# Durabond 90 / 45?



## jennifertemple (Oct 30, 2011)

I have always used the Durabond 90 but would like to speed up a bit. How much weaker would the 45 be IYO? Is the difference great or minimal?


----------



## Boco (May 18, 2013)

There is no difference in strength between Durabond EZ sand 5 up to 220. My crew will always use 45 over 90. The dry time is so much faster with 45 and workable time is only a bit more with 90. If you want to do drywall repairs faster look into using fibre fuse.


----------



## jennifertemple (Oct 30, 2011)

Boco said:


> If you want to do drywall repairs faster look into using fibre fuse.


I'm repairing the keys after ripping out sections of plaster.
Am I correct in understanding that fiber fuse is infused with asbestos fibers? Also, is it available in Canada?


----------



## Boco (May 18, 2013)

Gosh, I hope it doesn't have asbestos. Not sure if its available in Canada but I purchase it online via Allwall Tools.


----------



## [email protected] (Mar 1, 2008)

Stop by a good drywall supply house and get some activator. You can turn 90 into 5 with hot water. Mix up the 90 a little wet add some activator we mix and get it on. Good for deep patches. That you need two coats of mud. If real deep it will need to cure out over night. But you can run two three coat if you need to.


----------



## jennifertemple (Oct 30, 2011)

Boco said:


> Gosh, I hope it doesn't have asbestos. Not sure if its available in Canada but I purchase it online via Allwall Tools.


Apparently no asbestos! 

Look at this stuff!
http://www.fusionwalls.com/what-we-do_pid_4.html

View attachment 69746
This is a link to the MSDS Sheet for Fiber Fuse.


----------



## Boco (May 18, 2013)

[email protected] said:


> Stop by a good drywall supply house and get some activator. You can turn 90 into 5 with hot water. Mix up the 90 a little wet add some activator we mix and get it on. Good for deep patches. That you need two coats of mud. If real deep it will need to cure out over night. But you can run two three coat if you need to.

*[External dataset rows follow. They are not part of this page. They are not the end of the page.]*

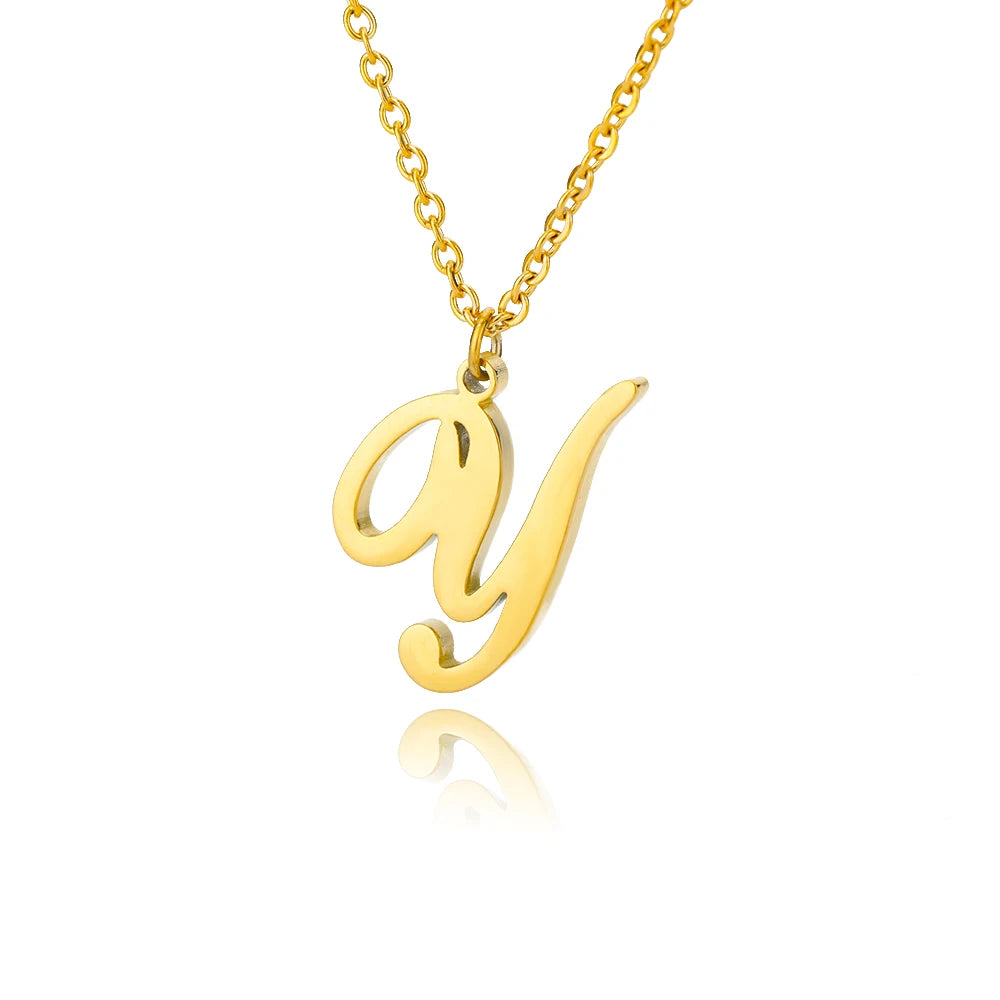 Dainty Initial Letter Necklaces Gold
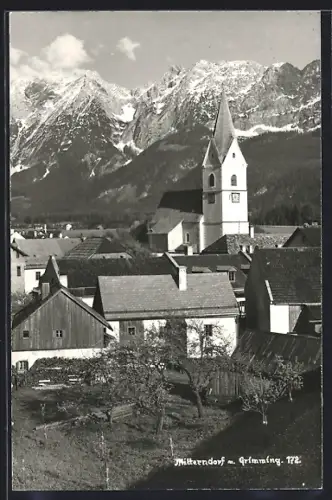 AK Bad Mitterndorf, Ortsansicht mit Kirche und Grimming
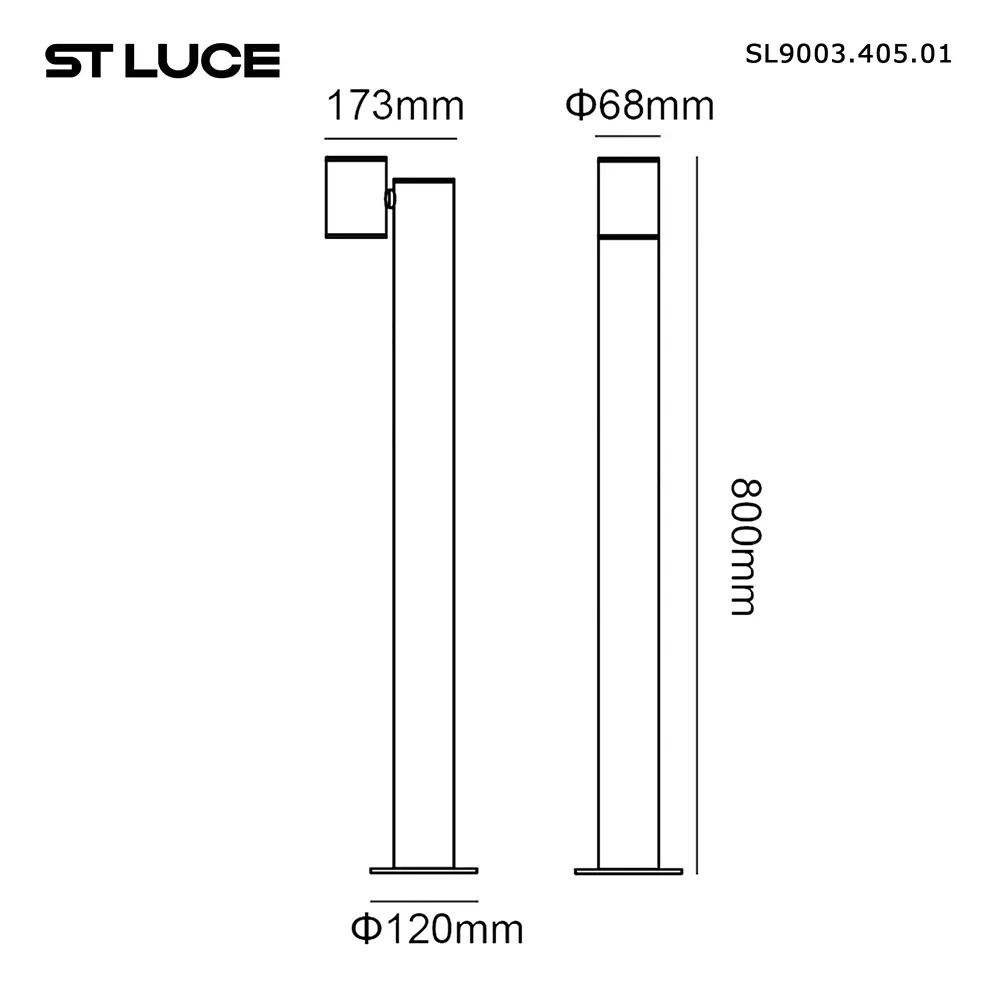 Фото 4 Фонарный столб светодиодный ST LUCE SL9003.405.01 VISIONI 80 см нейтральный белый свет цвет черный Фото 4 Фонарный столб светодиодный ST LUCE SL9003.405.01 VISIONI 80 см нейтральный белый свет цвет черный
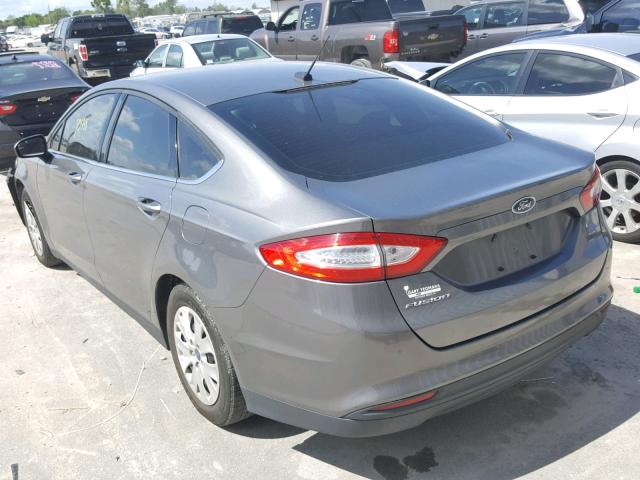 3FA6P0G70DR356825 - 2013 FORD FUSION S GRAY photo 3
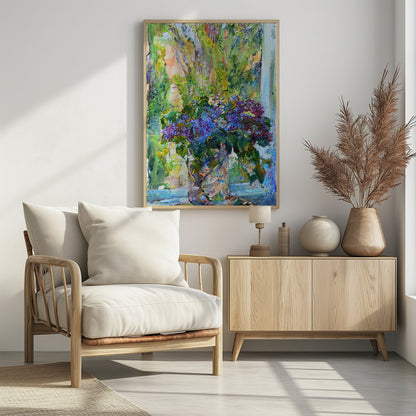 An impressionistic oil painting of a vibrant bouquet of purple and blue lilacs in a textured crystal vase, set against a sunlit window with lush green foliage outside. The artwork is characterized by thick, expressive brushstrokes. Artwork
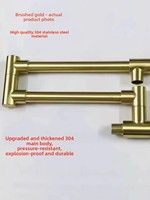 Robinet de cuisine pliable en acier inoxydable 304 avec double poignée, bec extensible et rotatif, et cartouche céramique pour évier de cuisine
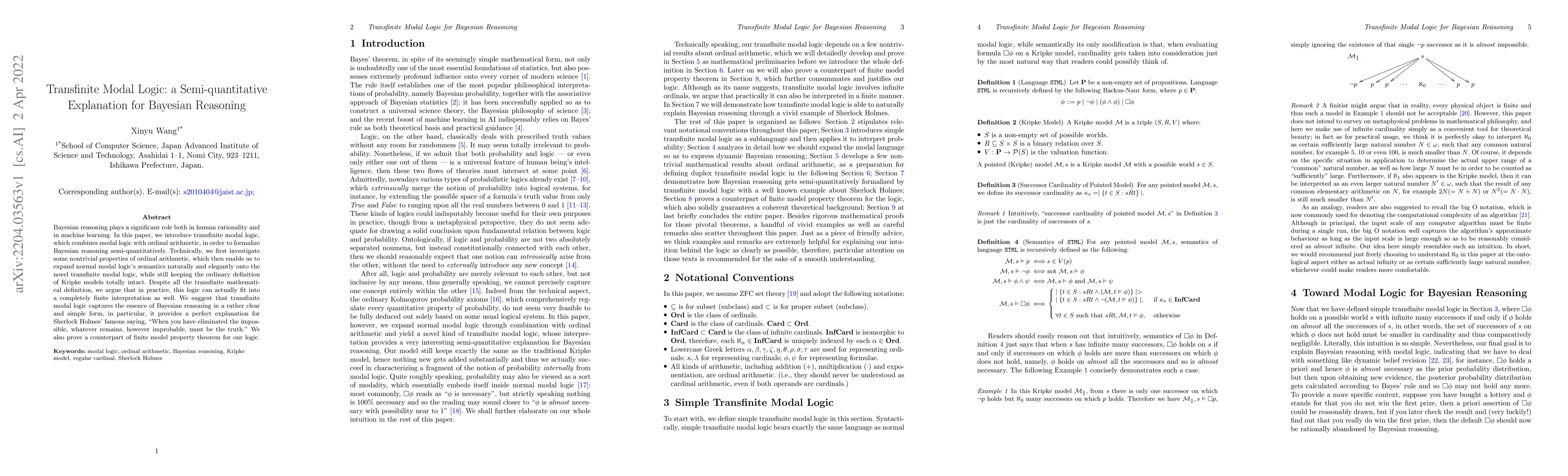 Thumbnail for Transfinite Modal Logic: a Semi-quantitative Explanation for Bayesian
  Reasoning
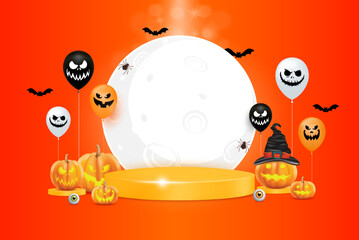 Halloween template design for social media with blank product podium scene. Halloween pumpkins and ghost balloons with moon on orange background. 3D vector.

 Durabond activator never heard of it. Hot water and Durabond is not recommended.


----------



## [email protected] (Mar 1, 2008)

I When out the truck. USG Gypsum Plaster Accelerator comes in a 1.5 lb comes plastic tub. The only places that I have ever found it at is a commercial drywall supply house or a small old school independent paint store here in Toledo. That cares whiting for glazing.


----------



## jennifertemple (Oct 30, 2011)

I thank everyone for their input. 

It seems simple enough to get the 45 and not mess with a perfectly good formulation. I have generally understood that with most things extended cure time = extended strength. (IE: Epoxy glues) This appears to not be the case with durabond so I'll just run out and get some 45 and use as directed on the bag. I do tend toward the simple. KISS is a good motto for me.


----------



## Boco (May 18, 2013)

[email protected] said:


> I When out the truck. USG Gypsum Plaster Accelerator comes in a 1.5 lb comes plastic tub. The only places that I have ever found it at is a commercial drywall supply house or a small old school independent paint store here in Toledo. That cares whiting for glazing.

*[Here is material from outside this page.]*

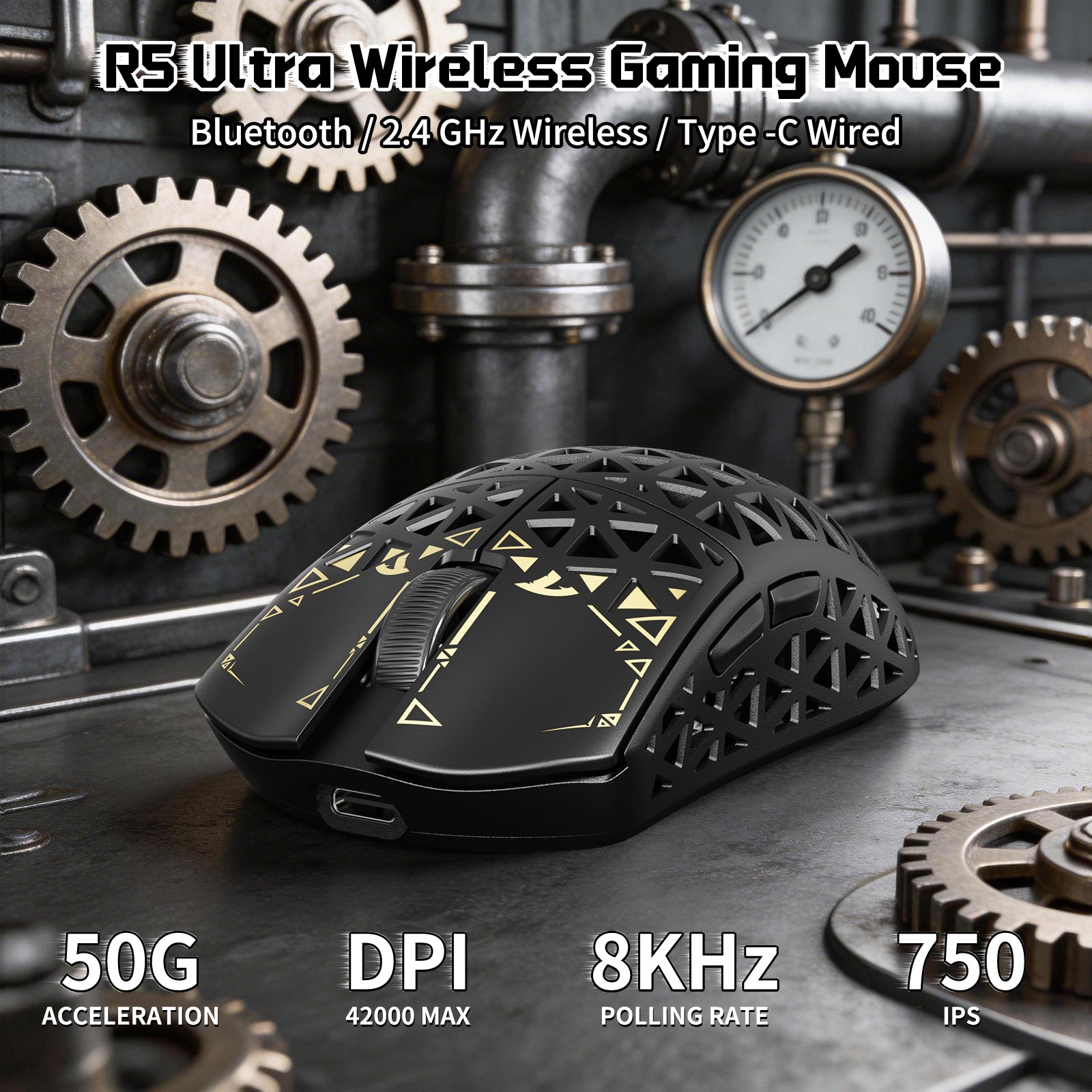 ATTACK SHARK R68 HE & R5 ULTRA カーボンファイバーゲーミングバンドル（C01ULTRAコイルケーブル付き）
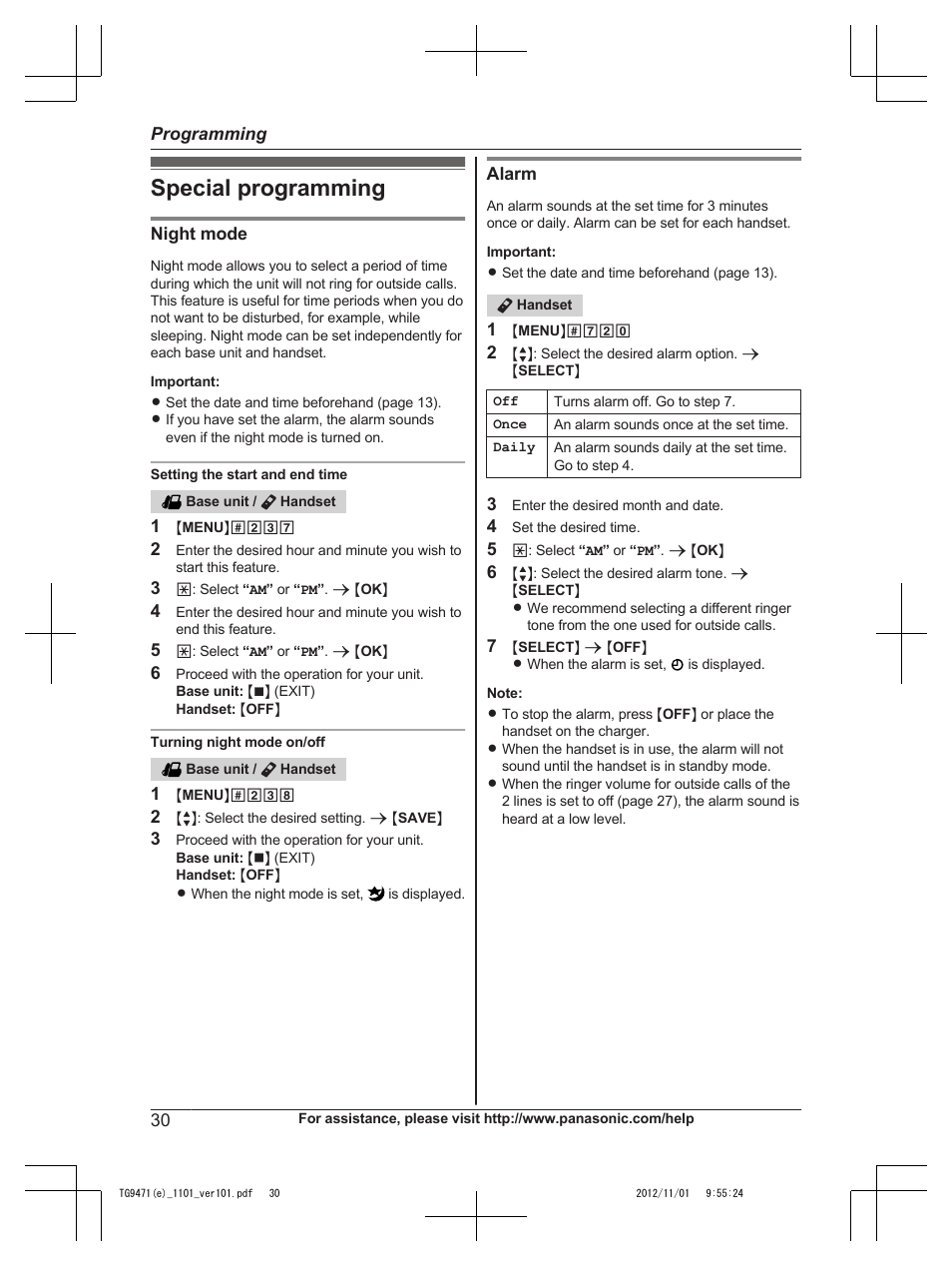 Special programming | Panasonic KX-TG9471 User Manual | Page 30 / 64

 How well does the accelerator work with EZ sand? I have about half a pallet of EZ 90 my guys just refuse to use. I get the same answer every time I ask why they don't use it. Aint nobody got time for that.


----------



## Jazz_Painter (Feb 22, 2015)

I don't find it sands as well as a last coat of regular drywall compound. Like mentionned in another thread, I like the hardener technique (plaster paris, donut, etc...). The challenge with this is to find the right proportions and also not to over plaster the bottom coats because the plaster will be harder, therefore you won't be able to sand it under the compound/last coat.

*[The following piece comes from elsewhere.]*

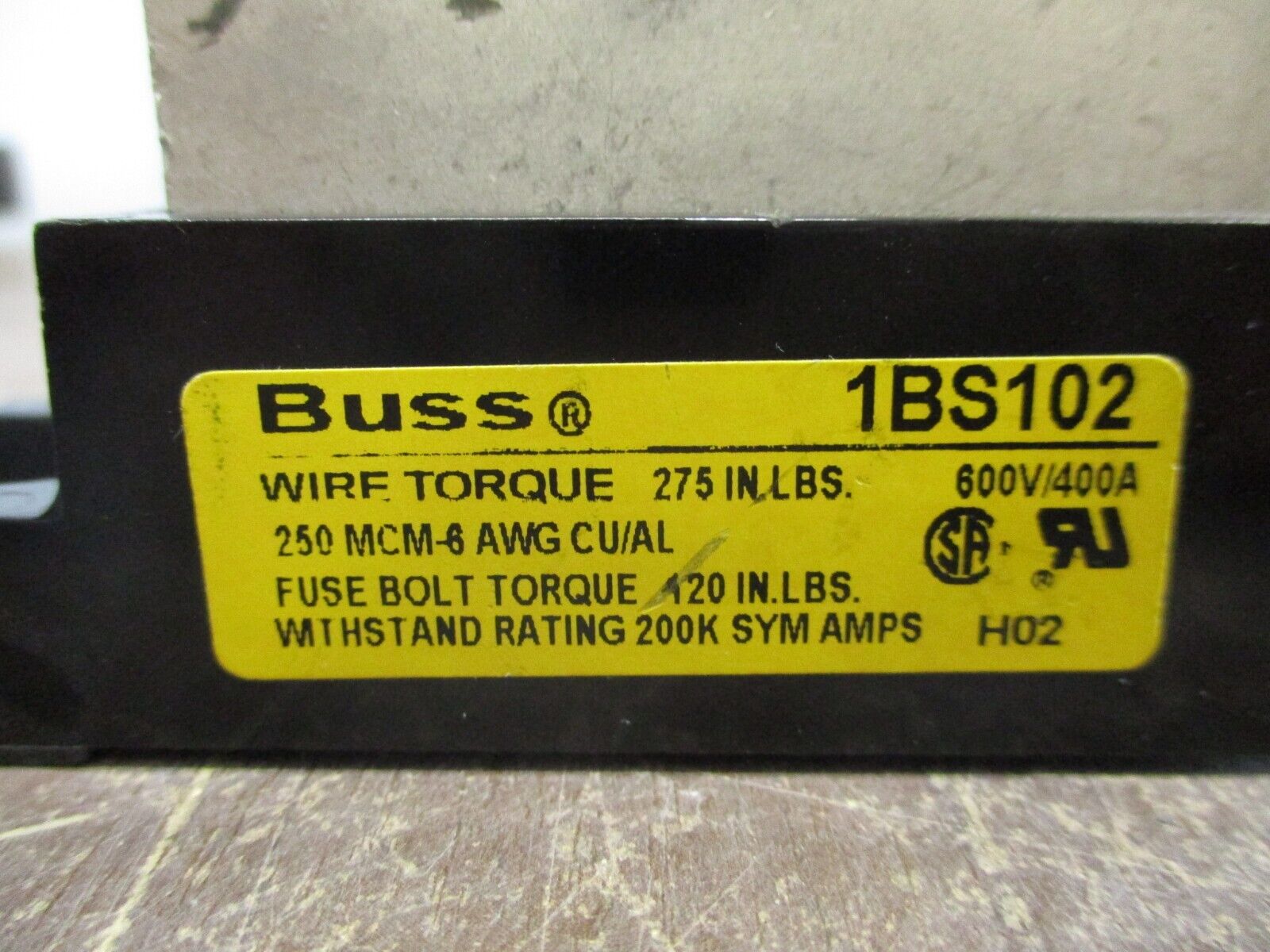 Buss Single Fuse Block 1BS102 400A 600V Used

With that I can fix a deep hole and do all my coats in the same day. It has to dry/cure, cause even if it hardens enough to put another coat on top, it still will be not dry hard, therefore the shape will be modifiable if you're not careful. That applies especially when doing inside corners, you still have to wait and do them one at a time.


----------



## Tonyg (Dec 9, 2007)

Tried the plater Paris / joint compound technique for the first time on the current job and doubt I'll ever go back to durabond 20 let alone 45 or 90


----------